» **Your objective**
Write out, from the entries below, exactly the lines that run between the lines holding "Twincity Marathon 2025 - Ảnh #3072603" and "Yorkshire Dales Hills iOS App", inclusive, and stop there.
BEGIN Dataset excerpts
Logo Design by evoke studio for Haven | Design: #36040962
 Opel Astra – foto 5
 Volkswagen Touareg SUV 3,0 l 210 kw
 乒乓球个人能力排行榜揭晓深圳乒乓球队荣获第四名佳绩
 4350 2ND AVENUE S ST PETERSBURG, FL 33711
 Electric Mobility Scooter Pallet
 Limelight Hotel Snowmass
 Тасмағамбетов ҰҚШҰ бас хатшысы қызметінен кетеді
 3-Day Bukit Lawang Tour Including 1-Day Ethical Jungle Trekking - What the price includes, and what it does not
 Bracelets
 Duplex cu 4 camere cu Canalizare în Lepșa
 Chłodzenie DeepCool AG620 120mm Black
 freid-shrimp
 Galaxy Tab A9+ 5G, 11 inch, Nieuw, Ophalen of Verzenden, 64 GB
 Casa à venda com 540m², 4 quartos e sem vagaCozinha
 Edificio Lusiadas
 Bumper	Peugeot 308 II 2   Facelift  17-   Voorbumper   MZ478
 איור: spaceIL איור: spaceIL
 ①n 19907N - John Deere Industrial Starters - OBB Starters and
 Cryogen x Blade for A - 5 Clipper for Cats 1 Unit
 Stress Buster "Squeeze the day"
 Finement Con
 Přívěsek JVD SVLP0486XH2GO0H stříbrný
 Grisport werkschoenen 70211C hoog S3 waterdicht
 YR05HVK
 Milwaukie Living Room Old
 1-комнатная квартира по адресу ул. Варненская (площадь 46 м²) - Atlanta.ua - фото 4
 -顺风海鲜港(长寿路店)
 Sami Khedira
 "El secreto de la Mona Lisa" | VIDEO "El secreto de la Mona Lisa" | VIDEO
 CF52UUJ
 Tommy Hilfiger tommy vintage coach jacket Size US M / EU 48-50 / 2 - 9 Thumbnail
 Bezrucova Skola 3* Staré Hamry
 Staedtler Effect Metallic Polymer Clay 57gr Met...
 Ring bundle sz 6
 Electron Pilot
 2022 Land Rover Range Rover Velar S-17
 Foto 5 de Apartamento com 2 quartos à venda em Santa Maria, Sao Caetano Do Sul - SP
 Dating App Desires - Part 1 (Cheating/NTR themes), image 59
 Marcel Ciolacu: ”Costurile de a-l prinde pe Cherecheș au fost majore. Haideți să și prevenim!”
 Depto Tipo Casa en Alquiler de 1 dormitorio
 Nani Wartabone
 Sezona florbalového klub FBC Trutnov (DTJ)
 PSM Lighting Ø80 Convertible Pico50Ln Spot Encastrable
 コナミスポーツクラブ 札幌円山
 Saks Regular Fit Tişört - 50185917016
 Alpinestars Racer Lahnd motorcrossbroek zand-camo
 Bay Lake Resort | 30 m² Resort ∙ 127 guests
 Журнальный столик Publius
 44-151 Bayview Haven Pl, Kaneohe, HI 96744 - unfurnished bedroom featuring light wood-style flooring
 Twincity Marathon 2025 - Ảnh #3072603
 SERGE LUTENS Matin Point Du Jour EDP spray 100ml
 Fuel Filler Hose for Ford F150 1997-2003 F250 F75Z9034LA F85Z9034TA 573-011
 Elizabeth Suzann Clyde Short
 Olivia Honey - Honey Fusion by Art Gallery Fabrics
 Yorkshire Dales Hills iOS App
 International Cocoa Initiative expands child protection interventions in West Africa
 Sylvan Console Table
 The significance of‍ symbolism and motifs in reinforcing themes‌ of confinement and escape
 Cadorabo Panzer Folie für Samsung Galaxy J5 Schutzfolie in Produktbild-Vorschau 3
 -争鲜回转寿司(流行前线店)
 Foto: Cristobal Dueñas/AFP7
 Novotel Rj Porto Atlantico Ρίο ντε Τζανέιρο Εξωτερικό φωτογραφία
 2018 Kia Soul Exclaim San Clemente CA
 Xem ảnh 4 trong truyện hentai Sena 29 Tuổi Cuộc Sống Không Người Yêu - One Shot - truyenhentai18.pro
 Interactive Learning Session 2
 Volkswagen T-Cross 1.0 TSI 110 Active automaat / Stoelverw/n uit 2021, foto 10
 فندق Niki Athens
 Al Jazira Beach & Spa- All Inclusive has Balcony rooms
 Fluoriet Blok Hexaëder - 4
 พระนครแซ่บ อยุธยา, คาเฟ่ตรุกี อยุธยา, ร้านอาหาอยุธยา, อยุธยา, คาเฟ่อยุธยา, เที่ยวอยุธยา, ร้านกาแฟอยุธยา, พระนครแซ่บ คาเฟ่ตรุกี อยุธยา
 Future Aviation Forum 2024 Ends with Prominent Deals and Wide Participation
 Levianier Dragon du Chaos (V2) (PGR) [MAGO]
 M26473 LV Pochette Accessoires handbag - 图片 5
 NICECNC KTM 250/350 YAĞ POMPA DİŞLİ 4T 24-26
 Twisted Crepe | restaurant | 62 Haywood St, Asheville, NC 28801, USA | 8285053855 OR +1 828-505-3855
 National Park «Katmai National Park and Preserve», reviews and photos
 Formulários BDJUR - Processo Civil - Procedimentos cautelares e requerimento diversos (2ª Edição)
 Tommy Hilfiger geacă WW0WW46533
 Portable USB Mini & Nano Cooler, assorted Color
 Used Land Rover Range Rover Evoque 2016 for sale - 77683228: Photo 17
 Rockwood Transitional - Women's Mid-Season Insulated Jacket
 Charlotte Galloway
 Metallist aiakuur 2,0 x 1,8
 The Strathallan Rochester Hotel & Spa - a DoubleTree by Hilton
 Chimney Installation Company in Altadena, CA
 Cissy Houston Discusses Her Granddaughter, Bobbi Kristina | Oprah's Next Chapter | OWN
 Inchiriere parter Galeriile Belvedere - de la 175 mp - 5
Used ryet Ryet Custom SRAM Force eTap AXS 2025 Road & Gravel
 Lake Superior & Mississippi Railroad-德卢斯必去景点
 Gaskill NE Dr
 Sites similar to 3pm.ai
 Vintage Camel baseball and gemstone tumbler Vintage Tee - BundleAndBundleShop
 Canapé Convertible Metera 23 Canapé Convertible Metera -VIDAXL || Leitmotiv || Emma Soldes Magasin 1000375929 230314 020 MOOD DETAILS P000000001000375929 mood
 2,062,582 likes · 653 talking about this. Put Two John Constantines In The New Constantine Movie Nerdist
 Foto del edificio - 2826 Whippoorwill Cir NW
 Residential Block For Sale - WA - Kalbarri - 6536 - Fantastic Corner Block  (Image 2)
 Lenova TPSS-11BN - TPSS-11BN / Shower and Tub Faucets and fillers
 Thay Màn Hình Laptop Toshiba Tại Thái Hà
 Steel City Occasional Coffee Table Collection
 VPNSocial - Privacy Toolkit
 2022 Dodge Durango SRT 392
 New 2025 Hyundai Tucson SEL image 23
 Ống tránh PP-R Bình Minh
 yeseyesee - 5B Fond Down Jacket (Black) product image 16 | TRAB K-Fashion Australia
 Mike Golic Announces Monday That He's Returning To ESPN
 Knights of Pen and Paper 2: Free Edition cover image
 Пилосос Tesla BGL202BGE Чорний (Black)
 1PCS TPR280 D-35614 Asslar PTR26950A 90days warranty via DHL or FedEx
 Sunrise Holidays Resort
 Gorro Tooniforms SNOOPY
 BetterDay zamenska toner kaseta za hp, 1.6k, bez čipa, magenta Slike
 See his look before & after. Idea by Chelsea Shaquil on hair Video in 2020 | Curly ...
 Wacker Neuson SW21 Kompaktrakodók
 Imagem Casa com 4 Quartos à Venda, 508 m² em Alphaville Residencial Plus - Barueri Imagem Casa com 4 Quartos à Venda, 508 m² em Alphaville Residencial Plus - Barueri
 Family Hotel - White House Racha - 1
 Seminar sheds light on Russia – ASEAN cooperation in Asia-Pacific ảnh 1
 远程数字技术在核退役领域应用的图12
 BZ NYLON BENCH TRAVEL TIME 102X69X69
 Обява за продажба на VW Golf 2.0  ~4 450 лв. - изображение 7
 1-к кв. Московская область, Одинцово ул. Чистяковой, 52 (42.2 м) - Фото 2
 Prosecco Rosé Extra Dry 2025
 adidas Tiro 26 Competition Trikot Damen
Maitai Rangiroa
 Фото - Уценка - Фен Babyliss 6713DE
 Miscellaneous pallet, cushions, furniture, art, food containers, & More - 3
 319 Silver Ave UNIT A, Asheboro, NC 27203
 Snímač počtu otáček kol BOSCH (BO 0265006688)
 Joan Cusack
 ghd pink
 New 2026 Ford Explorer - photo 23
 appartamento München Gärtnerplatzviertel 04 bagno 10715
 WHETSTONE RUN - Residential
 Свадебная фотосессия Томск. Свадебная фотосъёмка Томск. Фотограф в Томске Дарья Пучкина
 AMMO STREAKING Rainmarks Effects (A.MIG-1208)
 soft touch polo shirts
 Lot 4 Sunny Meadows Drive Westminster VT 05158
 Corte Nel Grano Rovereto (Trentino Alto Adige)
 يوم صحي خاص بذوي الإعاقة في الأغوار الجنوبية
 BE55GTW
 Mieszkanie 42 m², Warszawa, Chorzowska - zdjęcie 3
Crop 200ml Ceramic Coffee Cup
END Dataset excerpts
» **Exercise answer**
 Twincity Marathon 2025 - Ảnh #3072603
 SERGE LUTENS Matin Point Du Jour EDP spray 100ml
 Fuel Filler Hose for Ford F150 1997-2003 F250 F75Z9034LA F85Z9034TA 573-011
 Elizabeth Suzann Clyde Short
 Olivia Honey - Honey Fusion by Art Gallery Fabrics
 Yorkshire Dales Hills iOS App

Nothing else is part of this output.